Question

A golf ball is released from rest from the top of a very tall building. Choose a coordinate system whose origin is at the starting point of the ball, and whose y axis points vertically upward. Neglecting air resistance, calculate the ve- locity of the ball after 3.04 s. The acceleration of gravity is 9.8 m/s2 . Answer in units of m/s.

Answer 1

Answer: $v=29.792m.s^{-1}$

Explanation:

Here given that:

• initial velocity of the golf ball, $u =0m.s^{-1}$
• a coordinate system pointing upwards with origin at the point of release.
• time, t = 3.04 seconds
• acceleration due to gravity, $g = 9.8 m.s^{-2}$

Now, we need to find the velocity (v) after the time 3.04 s.
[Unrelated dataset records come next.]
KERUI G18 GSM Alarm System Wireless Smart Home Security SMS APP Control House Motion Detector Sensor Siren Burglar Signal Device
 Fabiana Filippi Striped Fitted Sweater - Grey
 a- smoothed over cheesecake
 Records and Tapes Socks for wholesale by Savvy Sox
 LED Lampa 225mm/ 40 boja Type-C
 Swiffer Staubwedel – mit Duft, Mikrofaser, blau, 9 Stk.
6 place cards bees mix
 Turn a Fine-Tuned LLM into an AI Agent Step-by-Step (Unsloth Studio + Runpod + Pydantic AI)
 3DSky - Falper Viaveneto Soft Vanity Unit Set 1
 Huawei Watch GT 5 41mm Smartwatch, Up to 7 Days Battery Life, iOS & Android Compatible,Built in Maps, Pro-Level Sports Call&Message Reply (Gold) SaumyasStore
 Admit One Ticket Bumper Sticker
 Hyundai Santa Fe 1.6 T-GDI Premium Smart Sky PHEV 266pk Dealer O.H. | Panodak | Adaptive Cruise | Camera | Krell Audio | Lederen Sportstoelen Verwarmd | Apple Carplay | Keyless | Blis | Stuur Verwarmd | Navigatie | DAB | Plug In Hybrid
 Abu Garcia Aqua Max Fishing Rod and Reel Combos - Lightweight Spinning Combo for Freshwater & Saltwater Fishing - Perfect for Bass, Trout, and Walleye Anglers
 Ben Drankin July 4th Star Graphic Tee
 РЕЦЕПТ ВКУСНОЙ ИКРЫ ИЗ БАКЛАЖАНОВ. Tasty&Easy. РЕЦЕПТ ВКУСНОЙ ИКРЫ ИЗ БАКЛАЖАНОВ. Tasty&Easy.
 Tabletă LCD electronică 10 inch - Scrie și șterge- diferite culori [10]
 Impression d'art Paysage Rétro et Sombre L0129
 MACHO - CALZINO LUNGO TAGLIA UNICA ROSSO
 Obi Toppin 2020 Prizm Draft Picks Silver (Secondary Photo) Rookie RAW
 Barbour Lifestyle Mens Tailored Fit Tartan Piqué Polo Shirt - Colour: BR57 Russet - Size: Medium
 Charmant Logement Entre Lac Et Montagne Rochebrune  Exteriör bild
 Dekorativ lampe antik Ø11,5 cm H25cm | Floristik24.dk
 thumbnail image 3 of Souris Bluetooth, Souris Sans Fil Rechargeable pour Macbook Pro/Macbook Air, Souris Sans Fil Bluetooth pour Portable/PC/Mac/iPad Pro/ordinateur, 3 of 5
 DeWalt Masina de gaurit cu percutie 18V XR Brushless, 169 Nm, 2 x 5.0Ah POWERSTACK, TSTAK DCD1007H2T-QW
From the given and required data we choose the suitable equation of motion: $v = u+at$

Putting the given values in the above equation:

$v= 0 - gt$ ∵the given frame of reference points in the upward directoin so we have negative on the downward side.

$v=0-9.8\times 3.04$

$v=29.792m.s^{-1}$

Answer 2

Answer:

Velocity of the ball after 3.04 (s) = 29.79 (m/s)

Explanation:

From the free fall movement we have the following formulas: $Vf^{2} = Vo^{2} - 2gh$ and $h=Vo*t - \frac{g*t^{2} }{2}$, First we need to find the height to time iqual to 3.04 s using the formula: $h=Vo*t - \frac{g*t^{2} }{2}$ and remember that golf ball was released from the rest (Vo= 0 (m/s)) so $h= (0 (m/s))*(3.04 (s)) - \frac{9.8 (m/s^2)*(3.04 (s))^{2} }{2}$, we get: h = -45.28 (m) with the height that we have got, now the velocity of the ball is calculate using $Vf^{2} = Vo^{2} - 2gh$ solving for Vf, we get: $Vf = \sqrt{Vo^{2}-2*g*h }$ replacing the values given $Vf = \sqrt{(0 m/s)^{2}-2*(9.8 m/s^2)*(-45.28 m) }$, so we get: Vf = 29.79 (m/s).